[Web page caption snippets]
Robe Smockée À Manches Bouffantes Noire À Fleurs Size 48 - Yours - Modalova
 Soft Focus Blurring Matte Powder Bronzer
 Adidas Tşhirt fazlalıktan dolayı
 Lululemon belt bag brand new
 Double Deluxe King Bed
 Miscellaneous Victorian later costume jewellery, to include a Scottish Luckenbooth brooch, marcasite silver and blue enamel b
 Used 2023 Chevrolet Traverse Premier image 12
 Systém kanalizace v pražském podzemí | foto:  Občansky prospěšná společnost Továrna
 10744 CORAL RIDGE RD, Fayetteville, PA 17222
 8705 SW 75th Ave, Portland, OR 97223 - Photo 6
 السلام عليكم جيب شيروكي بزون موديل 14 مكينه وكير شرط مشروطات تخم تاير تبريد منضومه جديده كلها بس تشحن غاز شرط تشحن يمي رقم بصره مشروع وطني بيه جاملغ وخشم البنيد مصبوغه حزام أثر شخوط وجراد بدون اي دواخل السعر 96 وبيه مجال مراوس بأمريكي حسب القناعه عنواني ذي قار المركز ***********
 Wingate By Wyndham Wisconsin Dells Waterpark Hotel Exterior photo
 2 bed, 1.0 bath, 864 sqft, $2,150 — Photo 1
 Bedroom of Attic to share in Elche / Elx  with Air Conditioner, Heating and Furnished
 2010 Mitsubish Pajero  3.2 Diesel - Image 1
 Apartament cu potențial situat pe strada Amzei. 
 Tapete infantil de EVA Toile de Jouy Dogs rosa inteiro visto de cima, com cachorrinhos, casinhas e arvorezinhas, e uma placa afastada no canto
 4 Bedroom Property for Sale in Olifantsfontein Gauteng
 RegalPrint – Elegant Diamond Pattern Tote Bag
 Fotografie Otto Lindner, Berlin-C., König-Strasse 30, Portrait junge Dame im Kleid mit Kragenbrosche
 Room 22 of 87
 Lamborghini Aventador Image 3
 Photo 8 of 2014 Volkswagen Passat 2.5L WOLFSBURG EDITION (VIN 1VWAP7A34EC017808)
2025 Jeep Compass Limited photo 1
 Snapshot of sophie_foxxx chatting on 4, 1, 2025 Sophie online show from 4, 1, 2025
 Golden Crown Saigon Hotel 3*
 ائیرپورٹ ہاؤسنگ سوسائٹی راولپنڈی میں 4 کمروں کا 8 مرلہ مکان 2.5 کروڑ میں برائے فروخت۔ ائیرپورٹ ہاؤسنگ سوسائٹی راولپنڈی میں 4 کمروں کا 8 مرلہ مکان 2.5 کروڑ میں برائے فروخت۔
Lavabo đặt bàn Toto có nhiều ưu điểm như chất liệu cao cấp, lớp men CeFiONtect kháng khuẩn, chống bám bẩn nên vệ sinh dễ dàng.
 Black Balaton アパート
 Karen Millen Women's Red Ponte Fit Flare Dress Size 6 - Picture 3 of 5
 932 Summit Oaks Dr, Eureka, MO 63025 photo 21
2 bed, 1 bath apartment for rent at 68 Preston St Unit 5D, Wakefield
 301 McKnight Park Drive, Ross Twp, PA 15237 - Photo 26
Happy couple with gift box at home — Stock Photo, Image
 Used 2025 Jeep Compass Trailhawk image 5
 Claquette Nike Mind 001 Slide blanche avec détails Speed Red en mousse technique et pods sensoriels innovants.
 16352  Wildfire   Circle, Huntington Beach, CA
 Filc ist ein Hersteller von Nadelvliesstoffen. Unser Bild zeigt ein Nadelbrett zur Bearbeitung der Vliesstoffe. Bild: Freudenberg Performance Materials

▶ [Work required]:
Each record, from first to last, should be returned verbatim.

▶ [Exercise output]:
Robe Smockée À Manches Bouffantes Noire À Fleurs Size 48 - Yours - Modalova
 Soft Focus Blurring Matte Powder Bronzer
 Adidas Tşhirt fazlalıktan dolayı
 Lululemon belt bag brand new
 Double Deluxe King Bed
 Miscellaneous Victorian later costume jewellery, to include a Scottish Luckenbooth brooch, marcasite silver and blue enamel b
 Used 2023 Chevrolet Traverse Premier image 12
 Systém kanalizace v pražském podzemí | foto:  Občansky prospěšná společnost Továrna
 10744 CORAL RIDGE RD, Fayetteville, PA 17222
 8705 SW 75th Ave, Portland, OR 97223 - Photo 6
 السلام عليكم جيب شيروكي بزون موديل 14 مكينه وكير شرط مشروطات تخم تاير تبريد منضومه جديده كلها بس تشحن غاز شرط تشحن يمي رقم بصره مشروع وطني بيه جاملغ وخشم البنيد مصبوغه حزام أثر شخوط وجراد بدون اي دواخل السعر 96 وبيه مجال مراوس بأمريكي حسب القناعه عنواني ذي قار المركز ***********
 Wingate By Wyndham Wisconsin Dells Waterpark Hotel Exterior photo
 2 bed, 1.0 bath, 864 sqft, $2,150 — Photo 1
 Bedroom of Attic to share in Elche / Elx  with Air Conditioner, Heating and Furnished
 2010 Mitsubish Pajero  3.2 Diesel - Image 1
 Apartament cu potențial situat pe strada Amzei. 
 Tapete infantil de EVA Toile de Jouy Dogs rosa inteiro visto de cima, com cachorrinhos, casinhas e arvorezinhas, e uma placa afastada no canto
 4 Bedroom Property for Sale in Olifantsfontein Gauteng
 RegalPrint – Elegant Diamond Pattern Tote Bag
 Fotografie Otto Lindner, Berlin-C., König-Strasse 30, Portrait junge Dame im Kleid mit Kragenbrosche
 Room 22 of 87
 Lamborghini Aventador Image 3
 Photo 8 of 2014 Volkswagen Passat 2.5L WOLFSBURG EDITION (VIN 1VWAP7A34EC017808)
2025 Jeep Compass Limited photo 1
 Snapshot of sophie_foxxx chatting on 4, 1, 2025 Sophie online show from 4, 1, 2025
 Golden Crown Saigon Hotel 3*
 ائیرپورٹ ہاؤسنگ سوسائٹی راولپنڈی میں 4 کمروں کا 8 مرلہ مکان 2.5 کروڑ میں برائے فروخت۔ ائیرپورٹ ہاؤسنگ سوسائٹی راولپنڈی میں 4 کمروں کا 8 مرلہ مکان 2.5 کروڑ میں برائے فروخت۔
Lavabo đặt bàn Toto có nhiều ưu điểm như chất liệu cao cấp, lớp men CeFiONtect kháng khuẩn, chống bám bẩn nên vệ sinh dễ dàng.
 Black Balaton アパート
 Karen Millen Women's Red Ponte Fit Flare Dress Size 6 - Picture 3 of 5
 932 Summit Oaks Dr, Eureka, MO 63025 photo 21
2 bed, 1 bath apartment for rent at 68 Preston St Unit 5D, Wakefield
 301 McKnight Park Drive, Ross Twp, PA 15237 - Photo 26
Happy couple with gift box at home — Stock Photo, Image
 Used 2025 Jeep Compass Trailhawk image 5
 Claquette Nike Mind 001 Slide blanche avec détails Speed Red en mousse technique et pods sensoriels innovants.
 16352  Wildfire   Circle, Huntington Beach, CA
 Filc ist ein Hersteller von Nadelvliesstoffen. Unser Bild zeigt ein Nadelbrett zur Bearbeitung der Vliesstoffe. Bild: Freudenberg Performance Materials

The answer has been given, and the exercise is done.